Work instruction | Using the records below, copy exactly the part that opens with the line holding "Summer Landscape, Oil" and closes with the line holding "Rolife TGS01 Lokomotif", minus the pictures.

Exercise data |
Start of Block

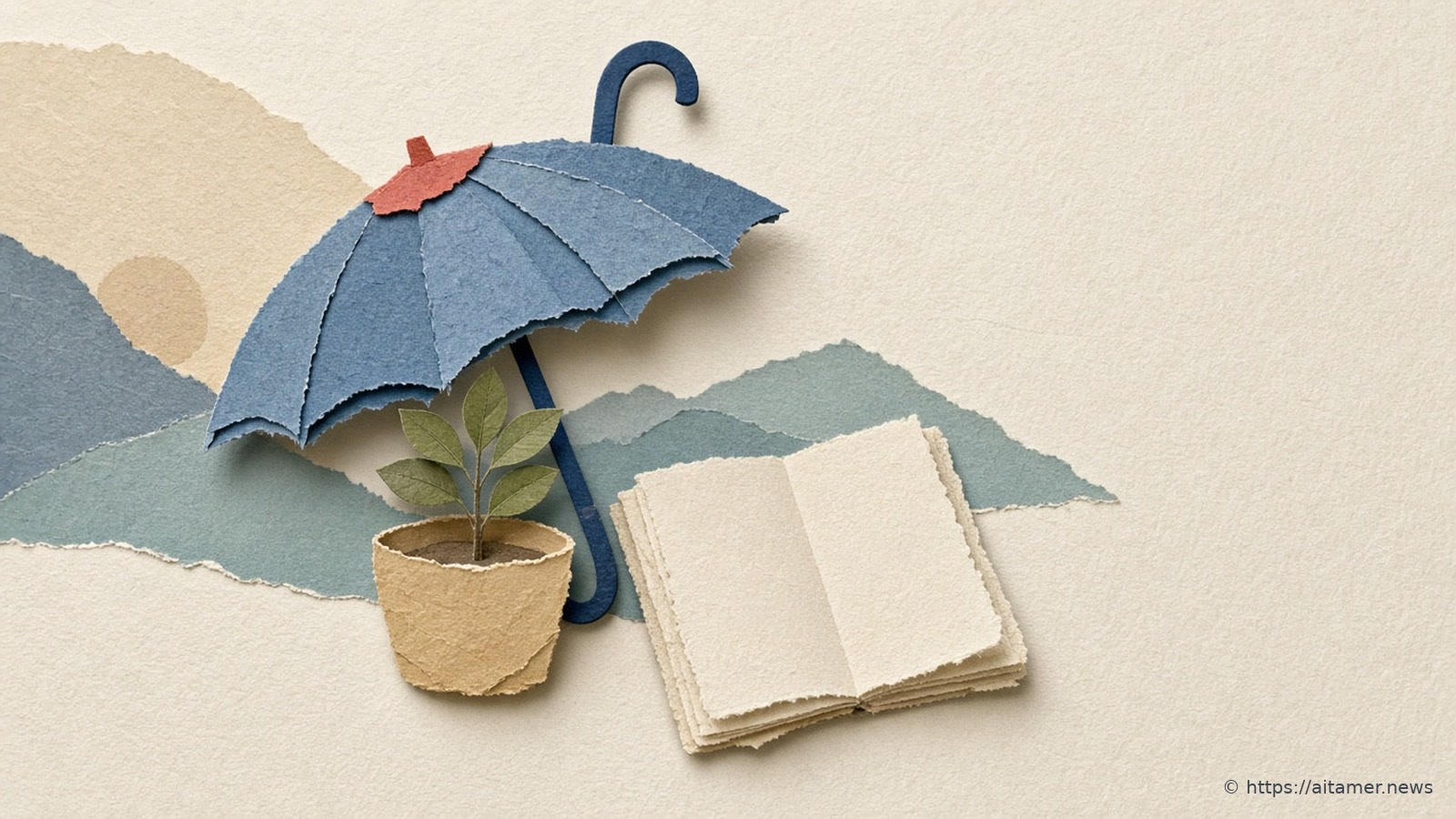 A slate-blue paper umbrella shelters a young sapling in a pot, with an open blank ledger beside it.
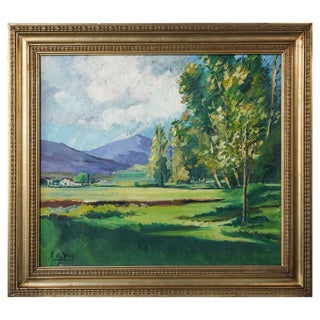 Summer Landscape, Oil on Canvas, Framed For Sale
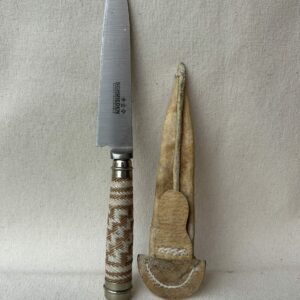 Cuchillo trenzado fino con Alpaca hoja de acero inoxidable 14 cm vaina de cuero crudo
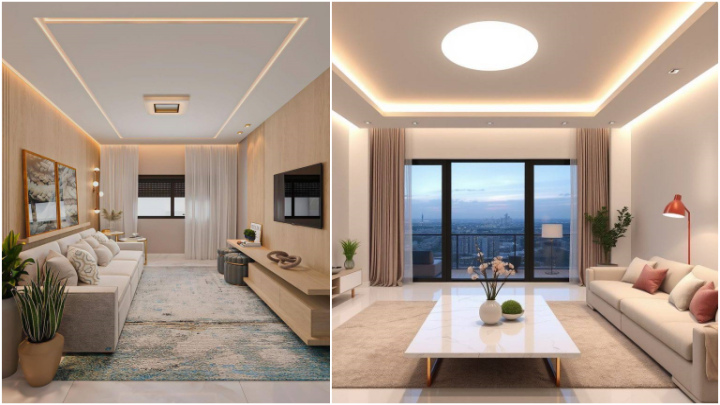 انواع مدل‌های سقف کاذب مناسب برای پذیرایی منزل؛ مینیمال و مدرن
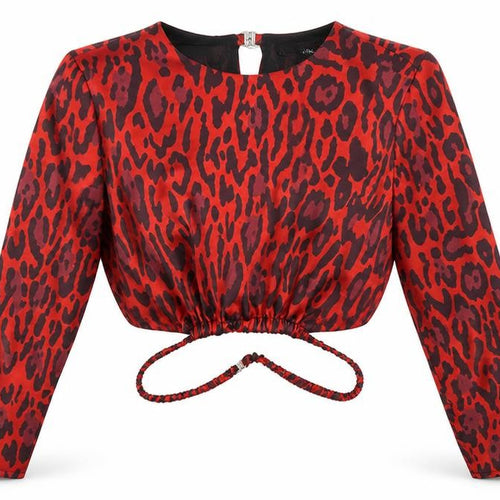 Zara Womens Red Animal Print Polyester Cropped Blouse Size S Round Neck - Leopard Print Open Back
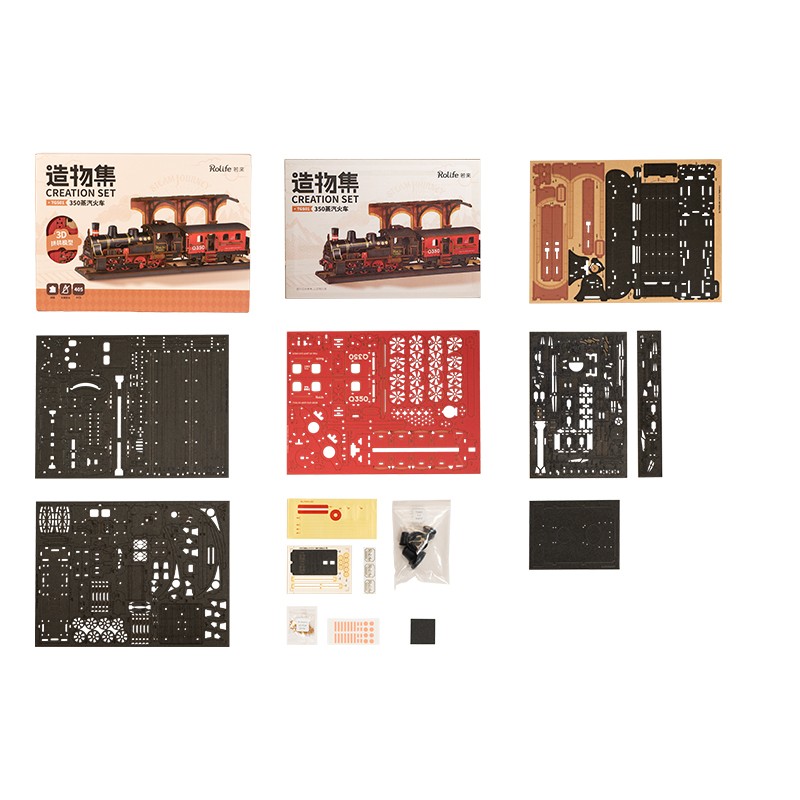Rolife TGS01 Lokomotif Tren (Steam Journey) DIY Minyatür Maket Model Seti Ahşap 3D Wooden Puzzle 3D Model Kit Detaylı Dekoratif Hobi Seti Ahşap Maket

End of Block
Start of Block

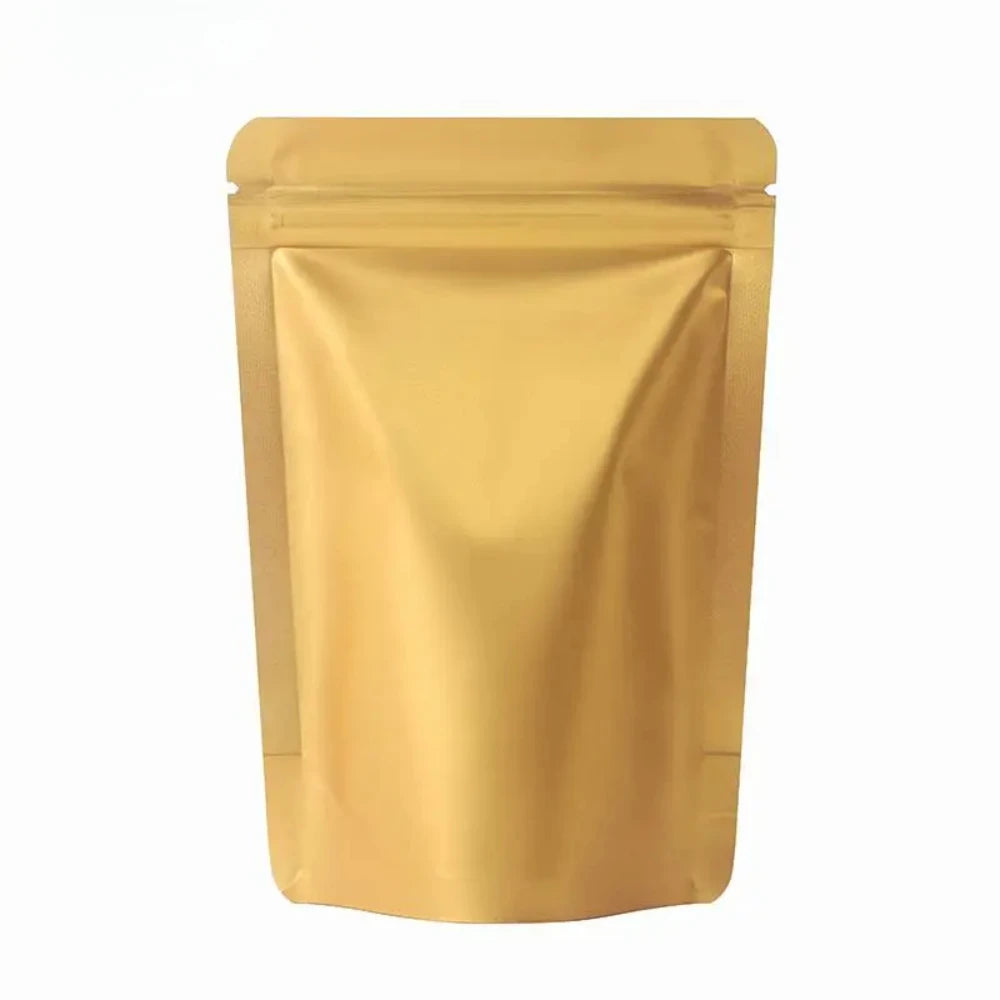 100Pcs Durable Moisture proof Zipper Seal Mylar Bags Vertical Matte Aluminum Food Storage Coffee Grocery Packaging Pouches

End of Block
Start of Block

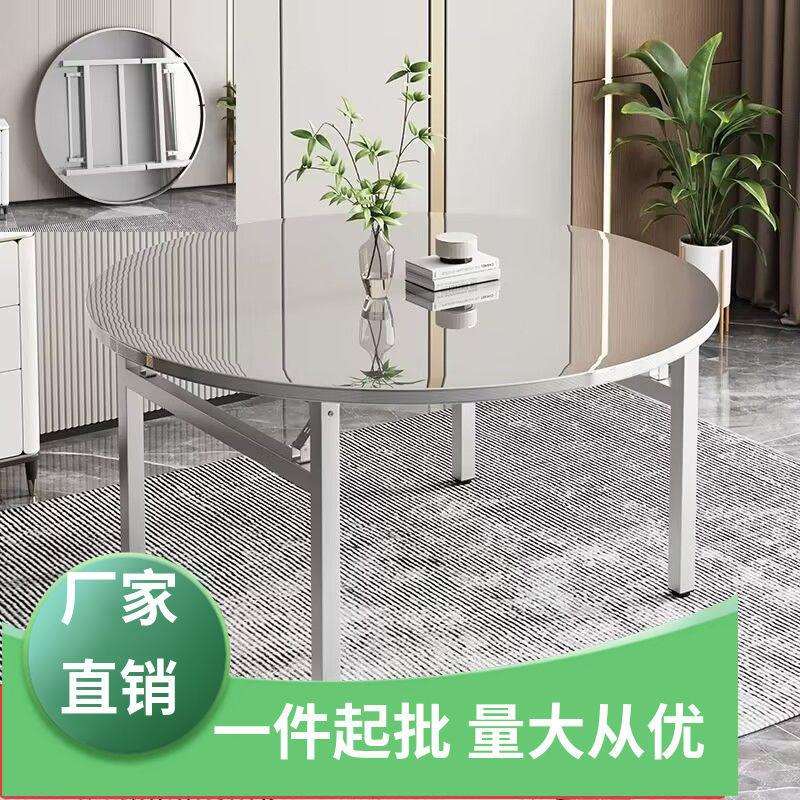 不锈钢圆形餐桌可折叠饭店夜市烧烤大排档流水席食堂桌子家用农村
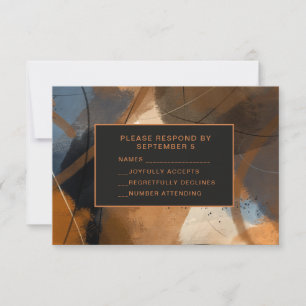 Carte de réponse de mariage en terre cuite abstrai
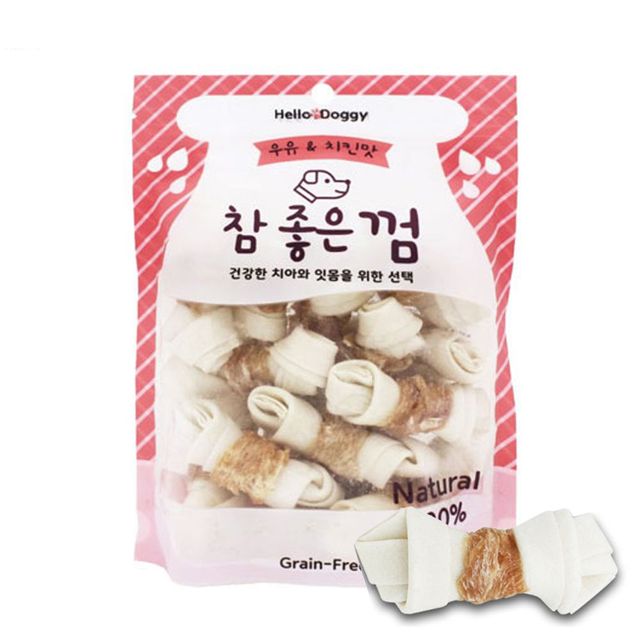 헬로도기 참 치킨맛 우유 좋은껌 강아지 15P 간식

End of Block

Response for this exercise |
 Summer Landscape, Oil on Canvas, Framed For Sale
 Cuchillo trenzado fino con Alpaca hoja de acero inoxidable 14 cm vaina de cuero crudo
 انواع مدل‌های سقف کاذب مناسب برای پذیرایی منزل؛ مینیمال و مدرن
 Zara Womens Red Animal Print Polyester Cropped Blouse Size S Round Neck - Leopard Print Open Back
Rolife TGS01 Lokomotif Tren (Steam Journey) DIY Minyatür Maket Model Seti Ahşap 3D Wooden Puzzle 3D Model Kit Detaylı Dekoratif Hobi Seti Ahşap Maket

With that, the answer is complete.